20.04.2017

Brexit und Schiedsverfahren über Verrechnungspreise - Konsequenzen und Praktikerhinweise (RA, StB David N. Martiny/StB Dr. Juliane Sassmann/StB Oliver Wehnert, ISR 2017, 140)

Die Auswirkungen des Brexit auf die (nachlaufende) Anwendung der EU-Schiedskonvention sind ungeklärt. Nach der hier vertretenen Auffassung enden die Verpflichtungen Deutschlands und der anderen EU-Staaten sowie Großbritanniens nicht automatisch bei Ausscheiden Großbritanniens aus der EU. Vielmehr ist eine separate Kündigung der EU-Schiedskonvention durch Großbritannien notwendig.
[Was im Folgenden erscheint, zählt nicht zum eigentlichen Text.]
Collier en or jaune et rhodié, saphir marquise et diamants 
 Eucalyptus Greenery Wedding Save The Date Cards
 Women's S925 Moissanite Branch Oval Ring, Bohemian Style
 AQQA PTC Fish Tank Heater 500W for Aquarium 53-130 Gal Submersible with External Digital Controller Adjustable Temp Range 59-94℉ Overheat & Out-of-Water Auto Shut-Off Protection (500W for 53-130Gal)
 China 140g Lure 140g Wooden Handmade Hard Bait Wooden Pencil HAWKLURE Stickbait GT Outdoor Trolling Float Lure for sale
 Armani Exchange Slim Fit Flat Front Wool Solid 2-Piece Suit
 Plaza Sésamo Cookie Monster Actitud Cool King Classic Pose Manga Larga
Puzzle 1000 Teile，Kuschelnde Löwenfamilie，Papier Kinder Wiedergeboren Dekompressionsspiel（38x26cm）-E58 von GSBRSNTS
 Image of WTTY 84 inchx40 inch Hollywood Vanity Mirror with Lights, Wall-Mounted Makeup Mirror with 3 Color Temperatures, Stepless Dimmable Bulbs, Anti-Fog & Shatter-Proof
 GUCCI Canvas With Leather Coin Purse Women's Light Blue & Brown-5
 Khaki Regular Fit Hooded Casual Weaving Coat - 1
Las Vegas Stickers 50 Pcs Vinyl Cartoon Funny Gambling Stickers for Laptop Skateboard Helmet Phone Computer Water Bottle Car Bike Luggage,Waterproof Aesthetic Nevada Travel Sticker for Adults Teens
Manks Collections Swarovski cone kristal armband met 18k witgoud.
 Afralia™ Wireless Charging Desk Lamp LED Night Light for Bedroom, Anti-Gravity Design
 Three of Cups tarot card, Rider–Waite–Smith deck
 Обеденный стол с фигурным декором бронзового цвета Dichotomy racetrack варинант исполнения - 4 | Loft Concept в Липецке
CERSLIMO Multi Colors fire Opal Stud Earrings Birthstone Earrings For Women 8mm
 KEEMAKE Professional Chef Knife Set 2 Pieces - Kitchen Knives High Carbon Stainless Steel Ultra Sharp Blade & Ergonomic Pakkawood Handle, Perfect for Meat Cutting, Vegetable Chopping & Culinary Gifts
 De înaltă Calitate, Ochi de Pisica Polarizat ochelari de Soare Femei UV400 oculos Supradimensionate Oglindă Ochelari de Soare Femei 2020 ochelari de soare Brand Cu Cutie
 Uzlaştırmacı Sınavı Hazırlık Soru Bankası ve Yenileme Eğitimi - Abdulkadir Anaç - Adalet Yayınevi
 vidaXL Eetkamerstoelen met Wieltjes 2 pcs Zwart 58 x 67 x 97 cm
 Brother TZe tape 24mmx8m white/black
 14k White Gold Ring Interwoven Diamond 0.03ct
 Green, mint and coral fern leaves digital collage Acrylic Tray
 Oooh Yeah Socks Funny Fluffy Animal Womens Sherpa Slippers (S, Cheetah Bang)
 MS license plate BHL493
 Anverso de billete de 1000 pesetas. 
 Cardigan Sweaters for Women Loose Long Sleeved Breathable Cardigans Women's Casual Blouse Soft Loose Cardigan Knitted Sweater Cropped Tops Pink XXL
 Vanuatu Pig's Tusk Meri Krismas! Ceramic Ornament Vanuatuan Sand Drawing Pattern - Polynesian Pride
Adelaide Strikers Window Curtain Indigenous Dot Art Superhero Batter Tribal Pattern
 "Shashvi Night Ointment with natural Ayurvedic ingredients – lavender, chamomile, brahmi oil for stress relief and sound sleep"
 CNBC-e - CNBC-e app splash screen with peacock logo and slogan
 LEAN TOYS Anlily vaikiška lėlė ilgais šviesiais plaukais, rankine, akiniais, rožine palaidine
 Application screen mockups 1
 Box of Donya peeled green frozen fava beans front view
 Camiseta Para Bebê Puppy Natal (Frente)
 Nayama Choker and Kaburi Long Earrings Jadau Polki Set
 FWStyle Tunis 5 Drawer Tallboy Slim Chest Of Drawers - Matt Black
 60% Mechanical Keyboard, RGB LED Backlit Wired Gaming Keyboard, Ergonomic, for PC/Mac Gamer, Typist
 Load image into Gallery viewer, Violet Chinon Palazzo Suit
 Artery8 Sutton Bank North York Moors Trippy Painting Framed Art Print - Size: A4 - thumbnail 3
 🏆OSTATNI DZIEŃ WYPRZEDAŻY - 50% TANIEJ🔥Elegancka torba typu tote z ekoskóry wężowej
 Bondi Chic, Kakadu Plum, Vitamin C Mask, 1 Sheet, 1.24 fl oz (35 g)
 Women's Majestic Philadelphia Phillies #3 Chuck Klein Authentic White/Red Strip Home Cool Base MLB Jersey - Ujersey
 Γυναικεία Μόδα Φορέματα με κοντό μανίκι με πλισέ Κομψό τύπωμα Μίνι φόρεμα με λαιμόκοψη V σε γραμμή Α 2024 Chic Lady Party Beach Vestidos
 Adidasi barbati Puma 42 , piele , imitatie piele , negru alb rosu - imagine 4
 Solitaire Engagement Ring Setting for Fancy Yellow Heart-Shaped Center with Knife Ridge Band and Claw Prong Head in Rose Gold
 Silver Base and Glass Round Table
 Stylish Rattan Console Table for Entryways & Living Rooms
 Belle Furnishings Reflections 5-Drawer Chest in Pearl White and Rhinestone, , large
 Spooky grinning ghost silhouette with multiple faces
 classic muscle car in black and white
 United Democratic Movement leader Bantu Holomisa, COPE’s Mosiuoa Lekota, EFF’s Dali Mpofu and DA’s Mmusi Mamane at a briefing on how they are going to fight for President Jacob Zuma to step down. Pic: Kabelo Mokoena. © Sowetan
Die Kündigung hat zumindest keine Wirkung auf bereits beantragte Verfahren. Aufgrund der politischen Situation ist unklar, ob sich die betroffenen Fisci dieser Auffassung anschließen werden.

Aktuell in der ISR
  1. Hintergrund
  2. Obligatorisches Schiedsverfahren zur Vermeidung von Doppelbesteuerung bei Verrechnungspreisstreitigkeiten
  3. Auswirkungen des Brexit auf die EU-Schiedskonvention
  4. Handlungsempfehlungen für die Praxis
  5. Zusammenfassung

I. Hintergrund
In der Diskussion um die möglichen steuerlichen Folgen eines Brexit weitgehend unbeachtet geblieben sind bis-lang die Konsequenzen eines Ausscheidens Großbritanniens aus der Europäischen Union auf Verständigungs- und Schiedsverfahren im Bereich der Verrechnungspreise. Steuerpflichtige mit laufenden oder drohenden Verständigungs- oder Schiedsverfahren zwischen Deutschland und Großbritannien müssen sich aber heute schon Gedanken machen, welche Auswirkungen ein Brexit auf diese Verfahren haben wird.

Beispiel:
Ende des Jahres 2015 hat die Betriebsprüfung der Y-GmbH für die Veranlagungszeiträume 2009-2012 festgestellt, dass die Y-GmbH Aufwendungen für IT-Dienstleistungen geltend macht, die ihr von der Y-Ltd., ihrer Muttergesellschaft mit Sitz in Großbritannien, in Rechnung gestellt wurden. Die Betriebsprüfung ist der Auffassung, dass den geltend gemachten Aufwendungen kein entsprechender Nutzen der Y-GmbH gegenübersteht und dass die an die Y-Ltd. gezahlte Dienstleistungsgebühr der Höhe nach nicht dem Fremdvergleich standhält. Die Y-GmbH erhält noch im Dezember 2015 geänderte Körperschaftsteuerbescheide für die Veranlagungszeiträume 2009-2012, in denen jeweils steuererhöhend verdeckte Gewinnausschüttungen berücksichtigt werden. Nachdem im Oktober 2016 auch das Einspruchsverfahren erfolglos blieb, überlegt die Y-GmbH, ob zumindest eine Doppelbesteuerung vermieden werden kann.